## TASK TO CARRY OUT
Write out, word for word and with no pictures, each line below from the one containing "German girl caught" through the one containing "Fashion Forward Pink", both included, and no other line.

## Web page caption snippets
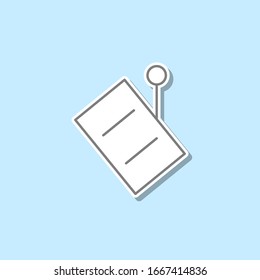 Paper and pin sticker icon. Simple thin line, outline vector of web icons for ui and ux, website or mobile application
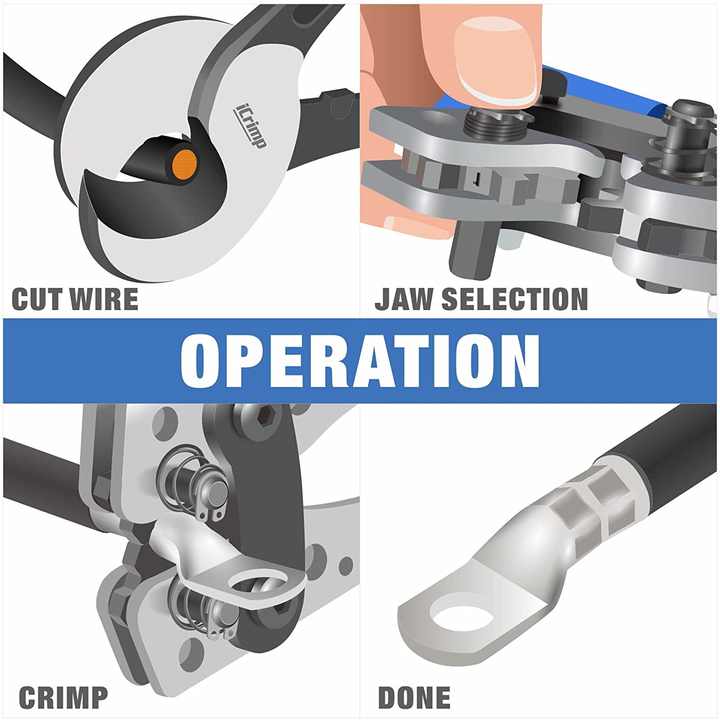Battery Cable Lug Crimping Tool for 8, 6, 4, 2, 1, 1/0 AWG Heavy Duty Wire Lugs with Wire Shear Cutter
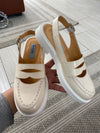 Rondinella Cream Florentic Loafer Mule-Tassel Children Shoes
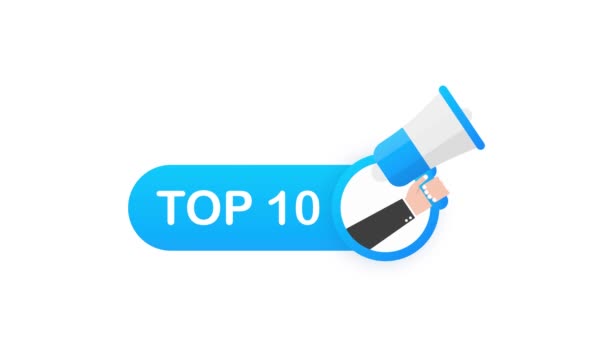 Top 10 - Top Tíz színes címke fehér háttérrel. Mozgókép. — Stock videók
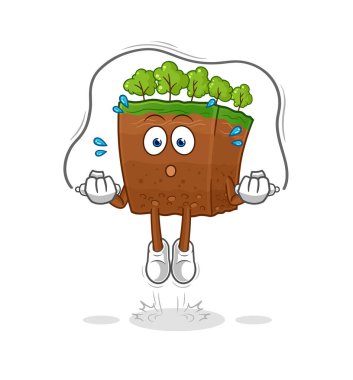 the soil layers jump rope exercise. character vecto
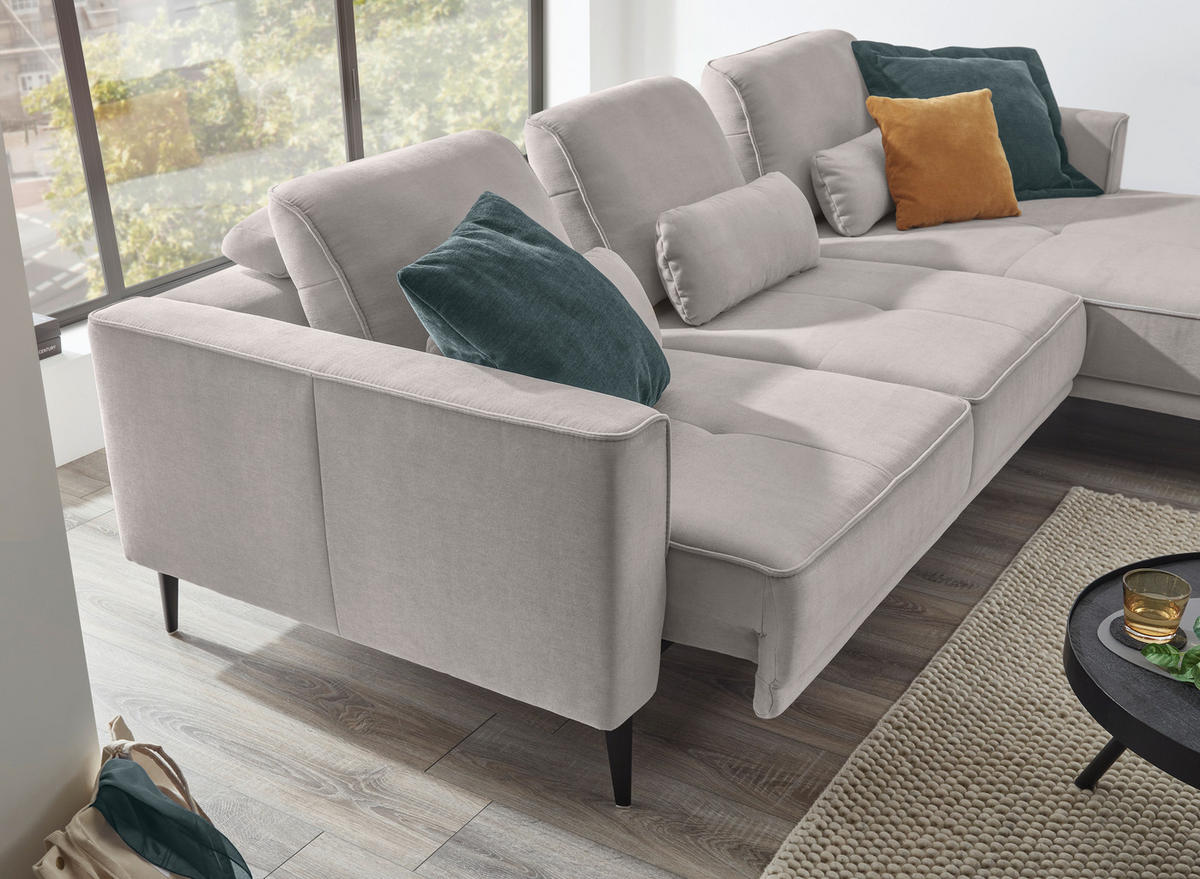 ECKSOFA Hellgrau Flachgewebe  - Hellgrau/Schwarz, KONVENTIONELL, Textil/Metall (279/193cm) - SetOne by Musterring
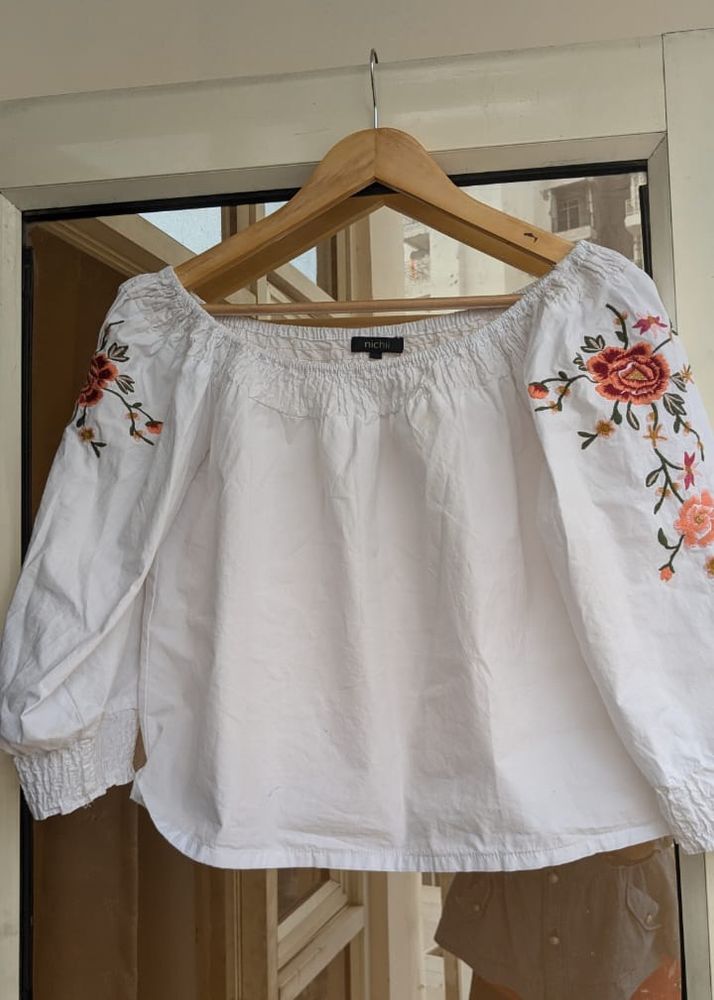 White Embroidered Top For Sale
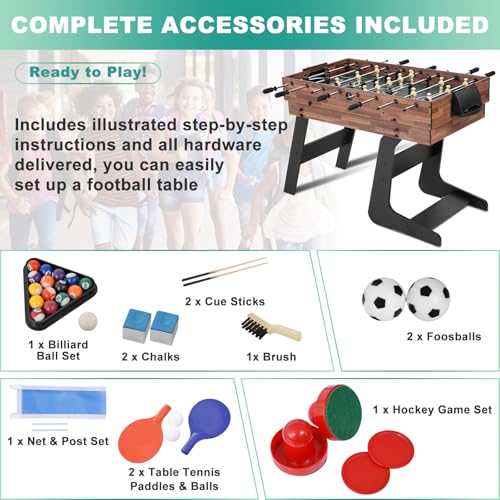 RAYKEEP Foldable Multi Game Table, 4-in-1 Combo Game Table Set with Ping Pong, Hockey, Pool Billiards and Foosball for Adults, Home, Game Room, Friends & Family - color: Dark Wood Grain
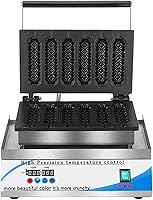Vista 2 de Máquina eléctrica para hacer gofres para perros calientes, máquina de panadería de gofres de acero inoxidable antiadherente de 6 rebanadas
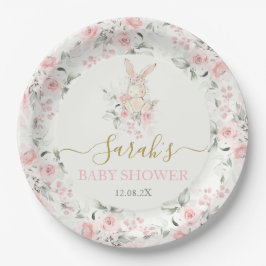 Bunny Baby Shower Girl Paper Plate Pappteller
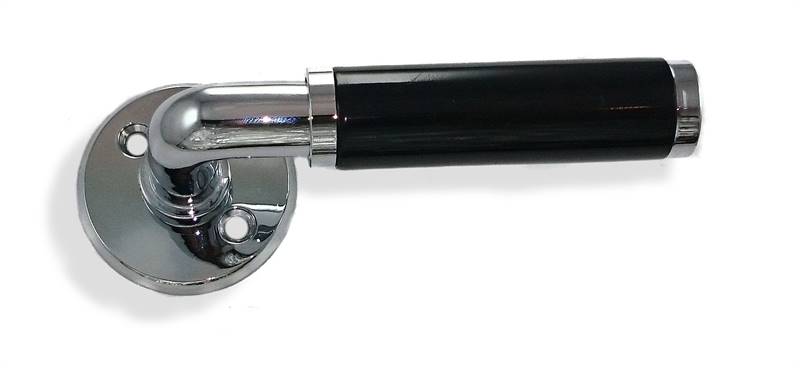 SIBES Hurðarhandfang Malmö Króm /Svart með lykillaufum fyrir ASSA og Boda Læsingar 383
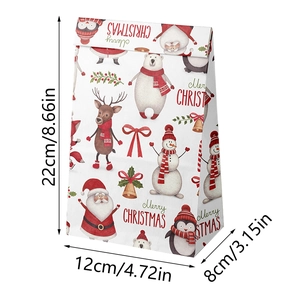 Sac cadeau de Noël en papier avec motifs festifs et dimensions de 22cm par 12cm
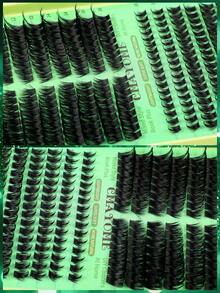 608/544/528/200 片 DIY 單簇假睫毛,多款式假睫毛一盒裝,10-16mm 混長條狀睫毛,柔軟持久睫毛套組含睫毛膠水、刷子與鑷子,適合居家日常、約會、派對與節慶使用,易操作睫毛簇 - 綠色 - 查看 10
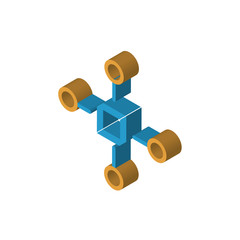 Cube isometric right top view 3D icon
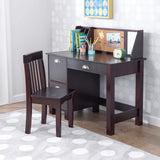 Wooden Study Desk for Children with Chair, Bulletin Board and Cabinets, Gift for Ages 5-10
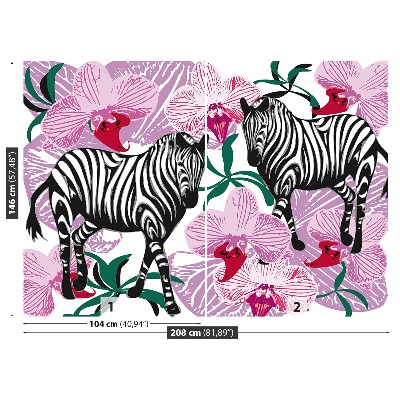 Motivtapete Zebra orchideenblüte
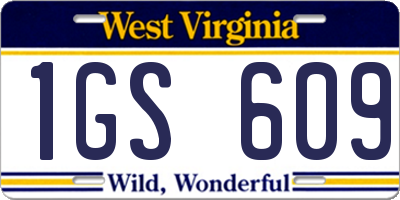 WV license plate 1GS609
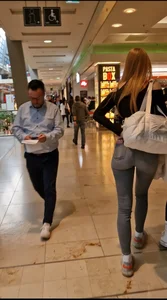 German girl caught me  jeans ass gap + Faceshot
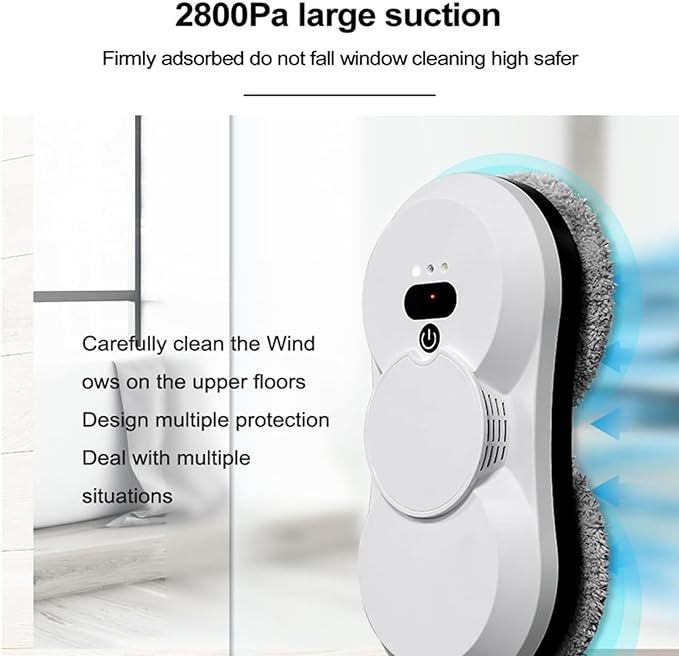 Window Cleaning Robot Window Robot Vacuum Cleaner 2800Pa Strong Suction Smart Window Cleaning Robot Remote Control Cleaning for Interior/Exterior Windows Mirror Door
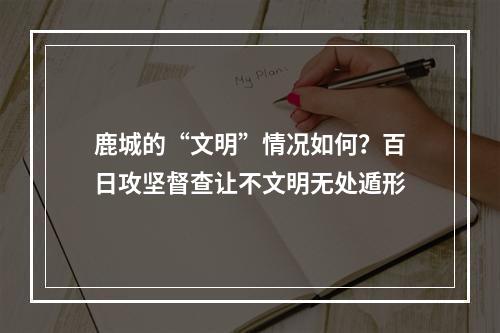 鹿城的“文明”情况如何？百日攻坚督查让不文明无处遁形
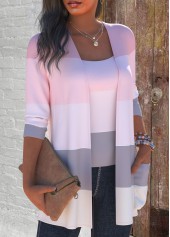 Pink tops,Striped tops,Contrast Color tops,ROTITA Plus Size Two Piece Striped Cardigan  and Tank Top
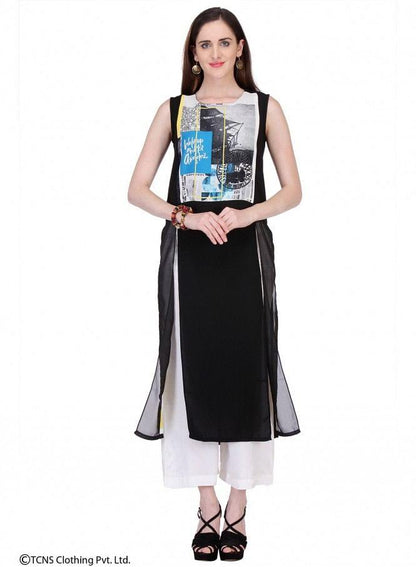 Black Printed Sleeveless kurta - wforwoman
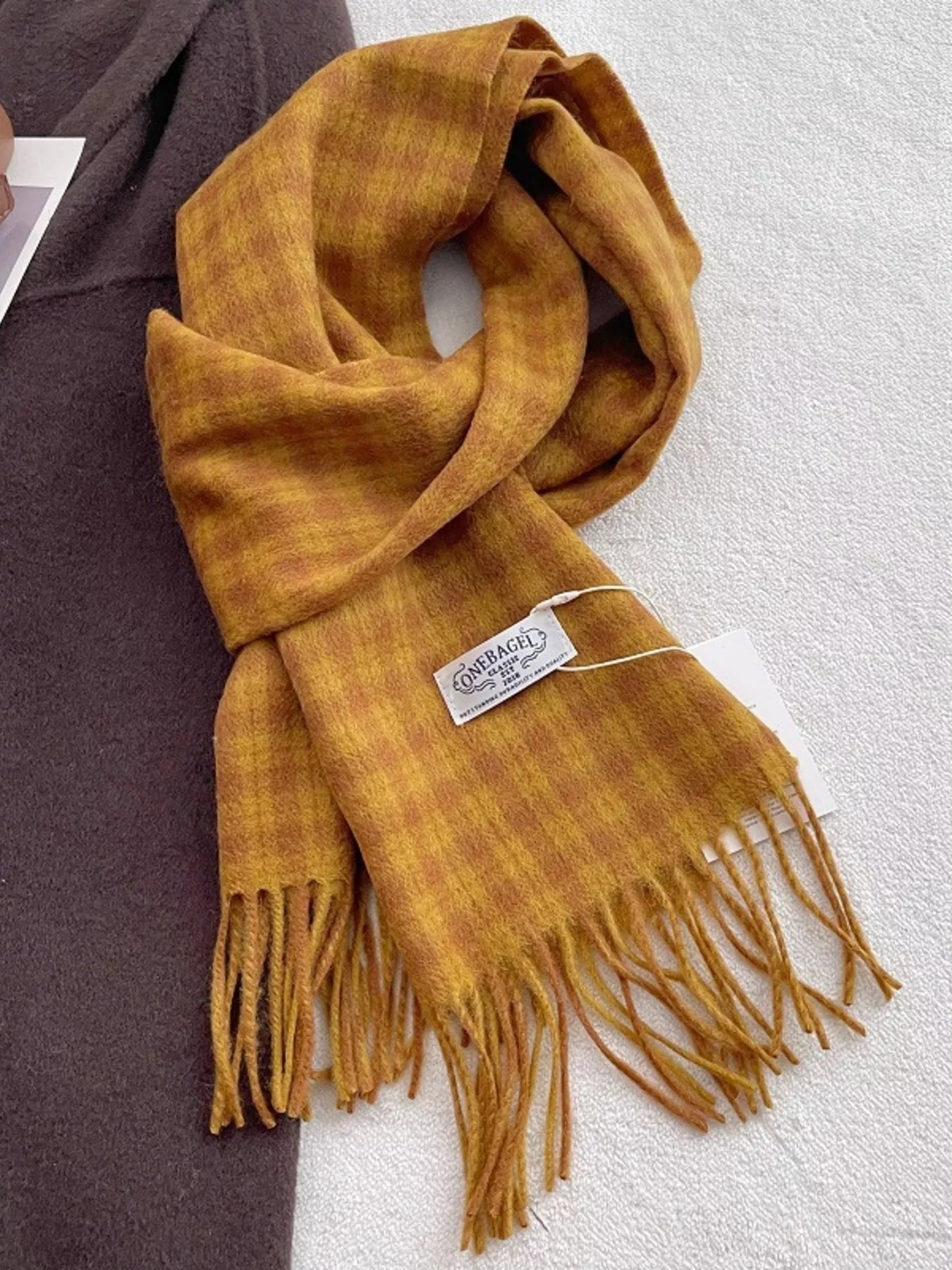 Classic Plaid Fringe Scarf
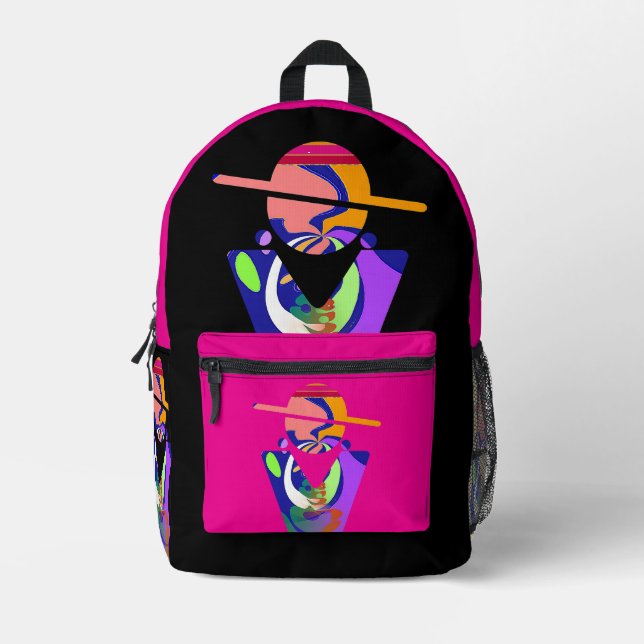 Fashion Forward Pink Black  Printed Backpack (Front)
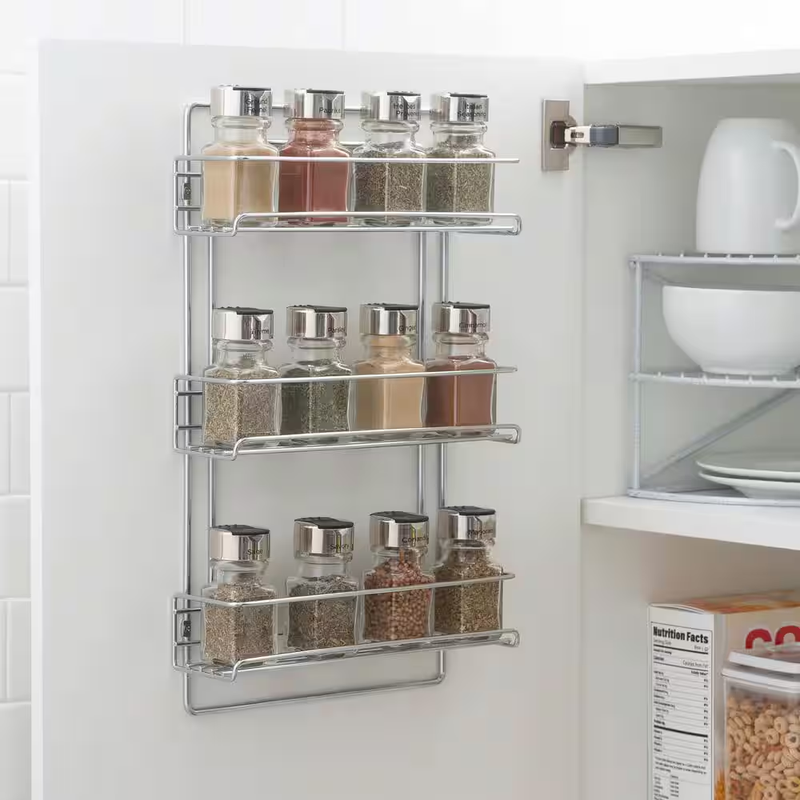 Spice Rack Organizer Wall Mount 3 Tier Metal Storage Shelf Holds 15 Jars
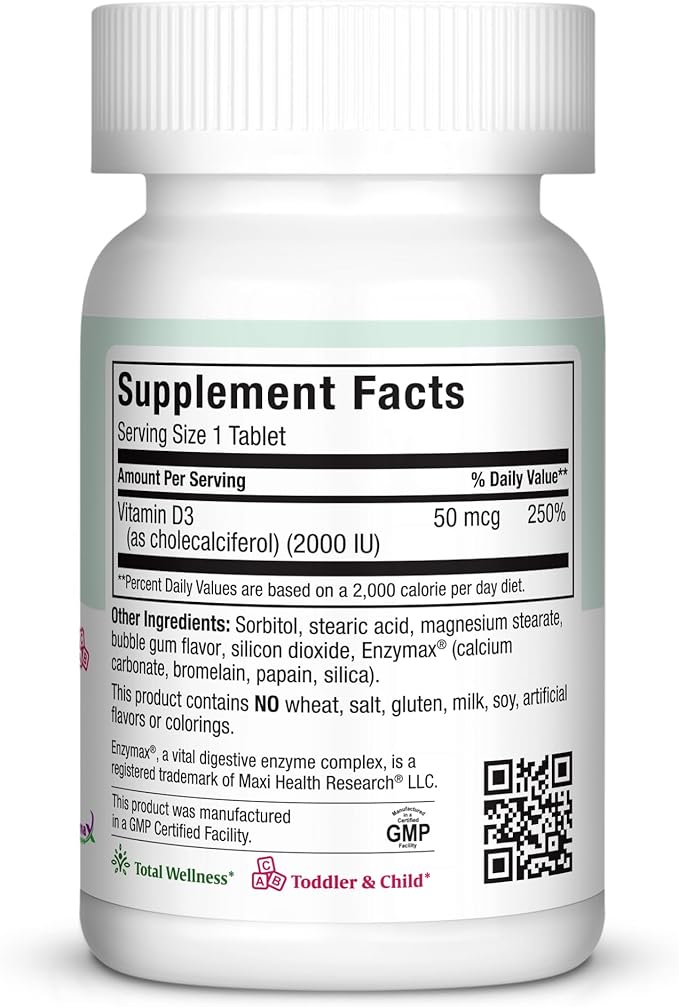 Maxi Health Chewable Vitamin D3 2000 IU Supplement - Delicious Natural Bubble Gum Flavor - Supports Calcium Absorption Immune and Bone Health in Adult Women Men Children &amp Toddlers - 200 Chews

## RESPONSE AREA
 German girl caught me  jeans ass gap + Faceshot
 Window Cleaning Robot Window Robot Vacuum Cleaner 2800Pa Strong Suction Smart Window Cleaning Robot Remote Control Cleaning for Interior/Exterior Windows Mirror Door
 鹿城的“文明”情况如何？百日攻坚督查让不文明无处遁形
 Pink tops,Striped tops,Contrast Color tops,ROTITA Plus Size Two Piece Striped Cardigan  and Tank Top
 Black Printed Sleeveless kurta - wforwoman
 Classic Plaid Fringe Scarf
 Fashion Forward Pink Black  Printed Backpack (Front)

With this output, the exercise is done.